Sonntag, 31. März 2013

sonntags lesenswert 6

Ich war in meinem Bücherkeller... wollte nur ein paar Bücher suchen für LiLi, damit sie was zu lesen hat in den nächsten vier Wochen, in denen wir einen Plan haben. Und dann saß ich eine Stunde im Keller zwischen meinen Büchern. Herrlich. Wie sehr ich sie doch vermisse. Sollte ich vielleicht doch die eine Wand einfach mit Bücherregalen vollstellen? Vielleicht ein Plan den ich umsetzen sollte.

Eines der Bücher, die mir dabei in die Hand gefallen sind, ist "Verbrechen" von Ferdinand von Schirach, empfohlen von einem guten Freund und einfach ganz groß.

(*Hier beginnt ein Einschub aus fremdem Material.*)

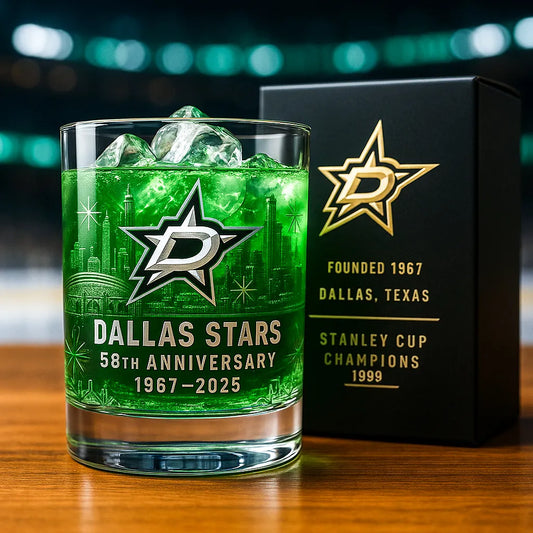 🏒 NHL Team🔥Dallas Stars 58th Anniversary whiskey Glass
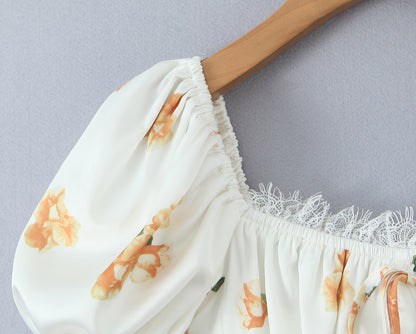 Floral Puff Sleeve A Line Mini Dress with Lace & Tie Detail | noémi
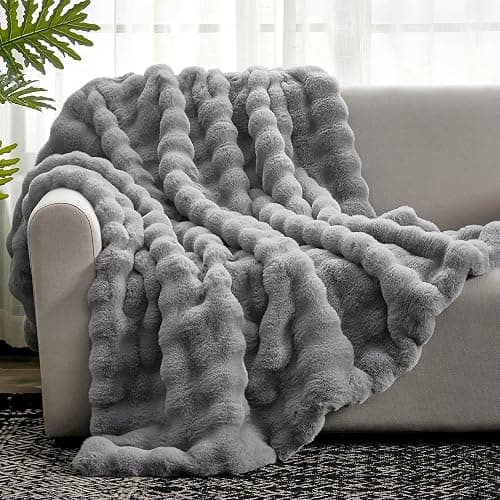 Cozy Bliss Faux Fur Throw Blanket for Couch, Fuzzy Soft Plush Thick Bubble Blanket for Sofa Bedroom Living Room,50 * 60 Inches Light Grey - Image 1
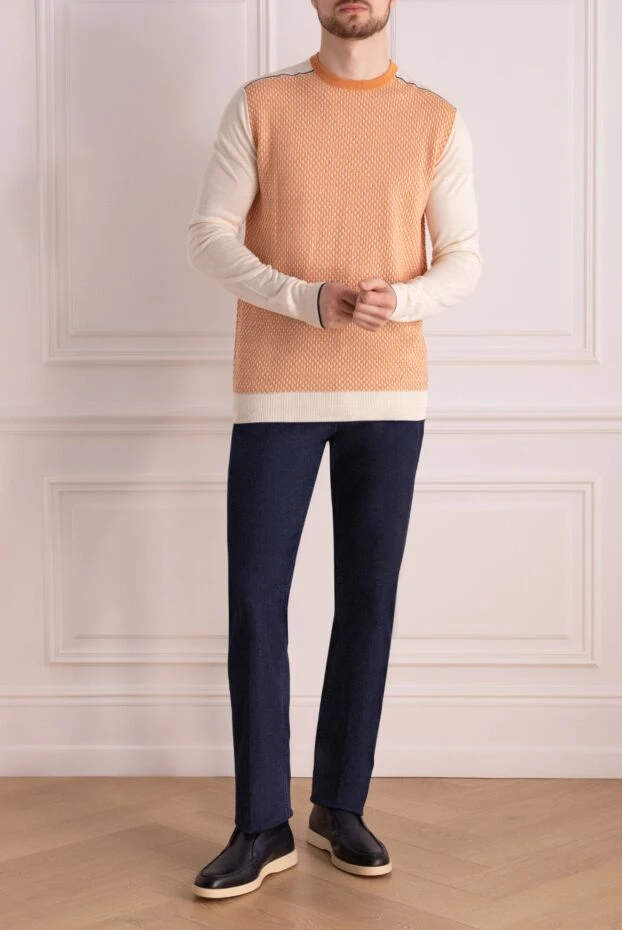 Stefano Ricci джемпер из кашемира, шелка и льна оранжевый. мужской 158766 - фото 2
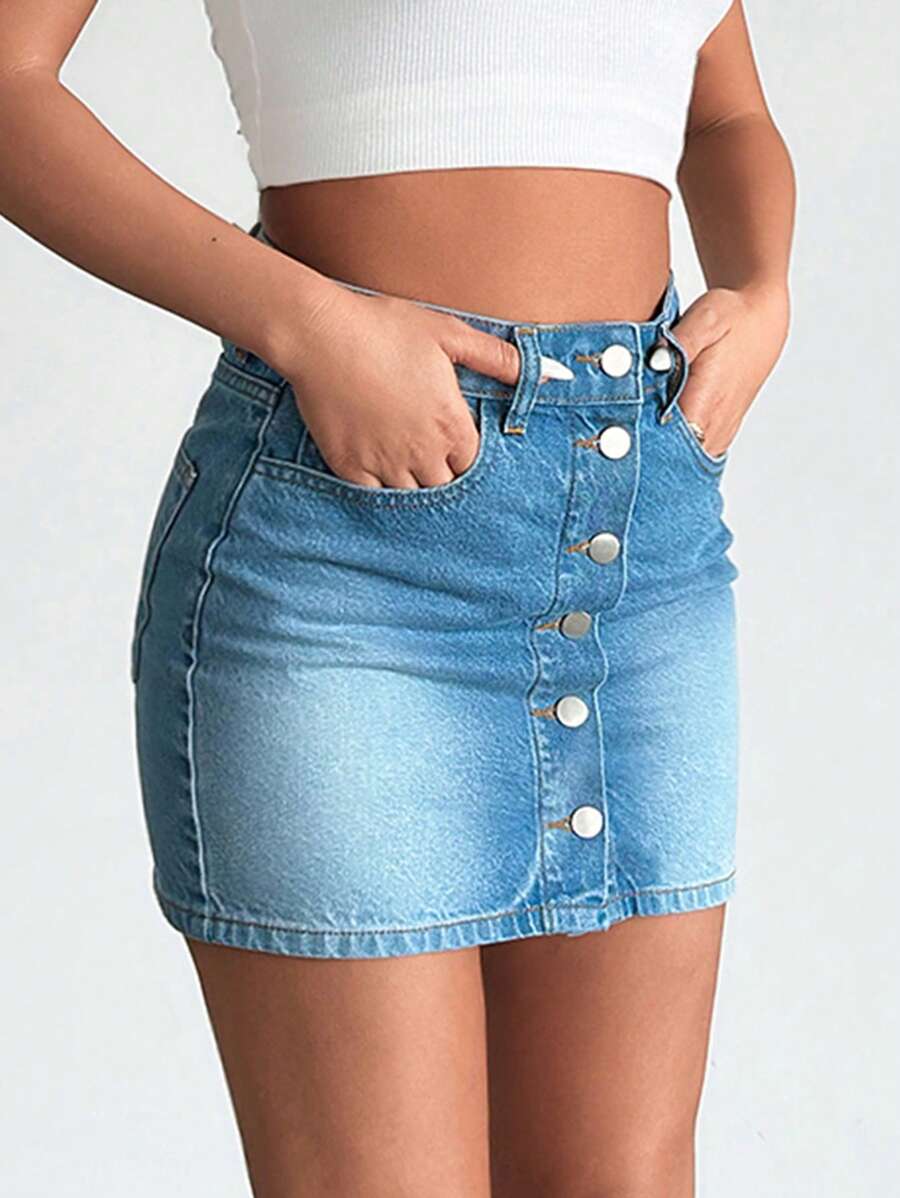 EURMUSE WOMEN LOW WAIST MINI SKIRT BUTTON ON FRONT BLUE WASH - Medium Wash - View 1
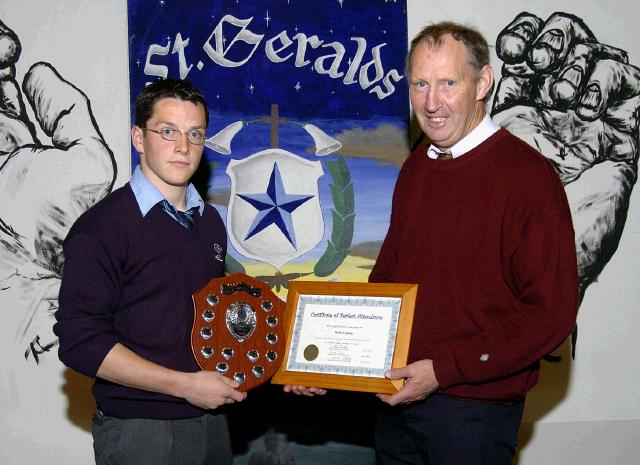 St. Geralds College Achievements Evening
Mark Conlon who has never missed a day in school presentation by Jackie Deffely Photo  Ken Wright Photography 2007 

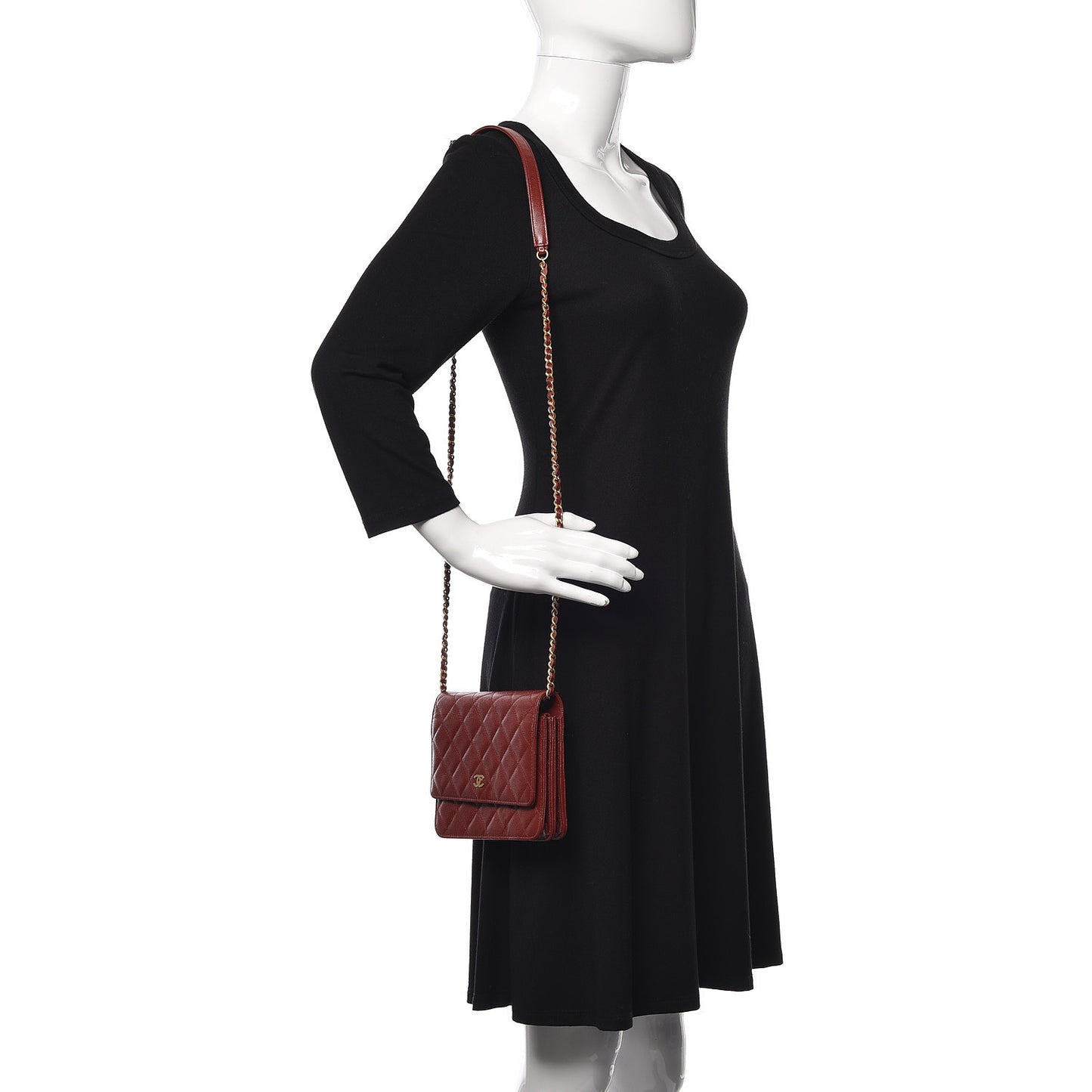 Iridescent Caviar Quilted Square Wallet On Chain WOC Burgundy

Im ersten Moment, meint man, man hat ein Buch mit Krimikurzgeschichten in der Hand, schließlich ist der Autor Berliner Starfverteidiger und tatsächlich geht es auch in allen Geschichten um Verbrechen.

Aber viel mehr, ist es eine Sozialstudie, ein Beschauen, warum Menschen Dinge tun, was sie dazu führt. Was sie dazu führt zu vertuschen und zu verschleiern, zu Morden, zu stehlen. Die Abgründe des Menschen, die oft, so nah an der Oberfläche sind.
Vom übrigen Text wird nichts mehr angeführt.